In the torque control mode of the actuators, the driving forces are given directly.

  1. 1.

    Assuming that the input displacement d i of the ith actuator is followed, in other words, it is not determined by the driving force, the displacement coordination condition \( (d_{1} = d_{2} ) \) of the 2RPR+P mechanism is always met. Therefore, in this case, the driving forces of the two limbs can also be arbitrarily distributed.

  2. 2.

    Assuming that the input displacements of the actuators are determined by the driving forces, i.e., \( d_{i} = F_{i} /A_{i} \), the two driving forces are uniquely solved by combining the displacement coordination equation and the force equilibrium equation of the mechanism, as shown in Eq. (5).

  3. 3.

    Assuming that the input displacement d 1 of the actuator within the first RPR limb is determined by its driving force f 1, while the input displacement d 2 within the second RPR limb is followed, the displacement coordination condition \( (d_{1} = d_{2} ) \) can always be satisfied. Therefore, in this assumption, the driving forces of the 2RPR+P redundantly actuated PM can also be arbitrarily distributed on the condition that the force equilibrium equation of the mechanism is met.

3.2 Driving Forces/Torques Distribution Considering the Stiffness of the System

When the stiffness of the system is taken into consideration, the displacement coordination condition of the redundantly actuated mechanisms is shown in Eq. (1).

  1. 1.

    Under the first assumption described in the position control mode of the actuators in Sect. 3.1, the displacement coordination condition shown in Eq. (1) can be rearranged as

    $$ \frac{{F_{1} }}{{k_{1} }} - \frac{{F_{2} }}{{k_{2} }} = d_{2} - d_{1} . $$
    (7)

    On the basis of the force equilibrium equation of the mechanism, the two driving forces of the 2RPR+P mechanism can be arbitrarily distributed, since Eq. (7) is always satisfied.

  2. 2.

    Under the second assumption described in the position control mode of the actuators in Sect. 3.1, as shown in Eq. (2), the following equations can be gotten

    $$ \left\{ {\begin{array}{*{20}l} {A_{1} d_{1} + A_{2} d_{2} = F} \hfill \\ {d_{1} + \frac{{A_{1} d_{1} }}{{k_{1} }} = d_{2} + \frac{{A_{2} d_{2} }}{{k_{2} }}} \hfill \\ \end{array} } \right.. $$
    (8)

    from which we can get

    $$ \left\{ {\begin{array}{*{20}c} {F_{1} = \frac{{k_{1} A_{1} \left( {k_{2} + A_{2} } \right)}}{{k_{1} A_{1} \left( {k_{2} + A_{2} } \right) + k_{2} A_{2} \left( {k_{1} + A_{1} } \right)}}F} \\ {F_{2} = \frac{{k_{2} A_{2} \left( {k_{1} + A_{1} } \right)}}{{k_{1} A_{1} \left( {k_{2} + A_{2} } \right) + k_{2} A_{2} \left( {k_{1} + A_{1} } \right)}}F} \\ \end{array} .} \right. $$
    (9)

    It can be seen from Eq. (9) that the two driving forces can not be distributed arbitrarily in this assumption.

  3. 3.

    Under the third assumption described in the position control mode in Sect. 3.1, Eq. (1) can be rearranged as

    $$ \frac{{A_{1} d_{1} }}{{k_{1} }} + d_{1} = \frac{{F_{2} }}{{k_{2} }} + d_{2} . $$
    (10)

    If the two driving forces are distributed arbitrarily under the condition that \( F_{1} + F_{2} = F \), Eq. (10) is always met. Consequently, in this case, the driving forces can be distributed arbitrarily through changing the input displacement of the actuator within the non-redundant limb.

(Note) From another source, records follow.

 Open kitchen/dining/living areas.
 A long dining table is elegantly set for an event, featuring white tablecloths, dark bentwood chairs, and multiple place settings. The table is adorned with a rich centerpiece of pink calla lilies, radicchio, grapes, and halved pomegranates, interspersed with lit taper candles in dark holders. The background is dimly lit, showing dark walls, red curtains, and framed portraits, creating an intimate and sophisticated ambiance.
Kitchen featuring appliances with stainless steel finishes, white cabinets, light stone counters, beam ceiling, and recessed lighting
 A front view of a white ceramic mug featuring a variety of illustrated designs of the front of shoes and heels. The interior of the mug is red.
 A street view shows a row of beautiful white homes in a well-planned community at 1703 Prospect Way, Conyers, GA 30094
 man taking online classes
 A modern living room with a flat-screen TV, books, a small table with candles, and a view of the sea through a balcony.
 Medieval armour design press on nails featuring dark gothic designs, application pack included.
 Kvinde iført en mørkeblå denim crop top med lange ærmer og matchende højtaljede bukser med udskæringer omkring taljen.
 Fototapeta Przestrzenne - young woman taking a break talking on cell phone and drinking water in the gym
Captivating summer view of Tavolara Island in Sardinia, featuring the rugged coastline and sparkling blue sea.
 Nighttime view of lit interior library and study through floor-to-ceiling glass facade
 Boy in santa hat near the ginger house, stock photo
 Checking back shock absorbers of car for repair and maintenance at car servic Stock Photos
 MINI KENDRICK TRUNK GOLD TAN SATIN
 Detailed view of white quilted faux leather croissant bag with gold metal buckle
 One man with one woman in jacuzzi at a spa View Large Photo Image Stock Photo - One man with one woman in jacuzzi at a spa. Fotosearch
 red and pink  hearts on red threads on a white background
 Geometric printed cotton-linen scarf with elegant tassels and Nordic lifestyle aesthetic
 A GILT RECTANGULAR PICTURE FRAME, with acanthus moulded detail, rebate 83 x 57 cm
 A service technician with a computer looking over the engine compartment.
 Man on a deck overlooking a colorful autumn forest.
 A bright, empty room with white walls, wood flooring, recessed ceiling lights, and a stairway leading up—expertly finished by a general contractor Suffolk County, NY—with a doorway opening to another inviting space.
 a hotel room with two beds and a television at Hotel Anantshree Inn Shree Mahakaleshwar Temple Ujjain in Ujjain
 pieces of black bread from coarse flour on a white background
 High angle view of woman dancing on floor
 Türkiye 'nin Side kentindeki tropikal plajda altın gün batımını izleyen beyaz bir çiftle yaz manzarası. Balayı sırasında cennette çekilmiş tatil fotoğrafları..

In the torque control mode of the actuators, once the driving force is given, the elastic deformation of the corresponding limb can be computed by \( \delta_{i} = F_{i} /k_{i} \).

  1. 1.

    Under the first assumption described in the torque control mode of the actuators in Sect. 3.1, the displacement coordination condition shown in Eq. (1) can always be satisfied. Thus, the driving forces have an infinite number of solutions.

  2. 2.

    Under the second assumption described in the torque control mode in Sect. 3.1, Eq. (1) turns to

    $$ \frac{{F_{1} }}{{A_{1} }} + \frac{{F_{1} }}{{k_{1} }} = \frac{{F_{2} }}{{A_{2} }} + \frac{{F_{2} }}{{k_{2} }}. $$
    (11)

Combining Eq. (11) and the force equilibrium equation of the mechanism Eq. (9) can be obtained, so the solutions of the driving forces are unique in this situation.

  1. 3.

    Under the third assumption described in the torque control mode in Sect. 3.1, Eq. (1) can be rearranged as

    $$ \frac{{F_{1} }}{{A_{1} }} + \frac{{F_{1} }}{{k_{1} }} = d_{2} + \frac{{F_{2} }}{{k_{2} }}. $$
    (12)

If the two driving forces are distributed arbitrarily satisfying the force equilibrium equation of the mechanism, Eq. (12) is always met since the input displacement d 2 is followed. Therefore, there are also an infinite number of solutions for the driving force distribution.

4 Conclusions

This paper analyzes the differences between the statically indeterminate force problem of the redundantly actuated PMs and that of the passive overconstrained PMs. The main conclusions reached are as follows:

  1. 1.

    The coordination conditions of both the overconstrained PMs are different. The redundantly actuated PMs satisfy the displacement coordination including the input displacements of the actuators and the elastic deformation of the system, while the passive overconstrained PMs need to meet the elastic deformation coordination.

  2. 2.

    Under the conditions of considering and without considering the system stiffness, the relationship between the driving force and the input displacement of an actuator in the position and torque control modes is discussed.

Based on the discussions demonstrated in this paper, future works are suggested: the experiment system of the 2RPR+P redundantly actuated mechanism need to be established, then, the magnitudes of the driving forces of the mechanism are respectively measured through switching the position and torque control modes of the actuators. On the basis of the experimental data the relationship between the input displacement and the driving force of an actuator under different control modes can be derived, which will greatly contribute to the control of the redundantly actuated mechanisms.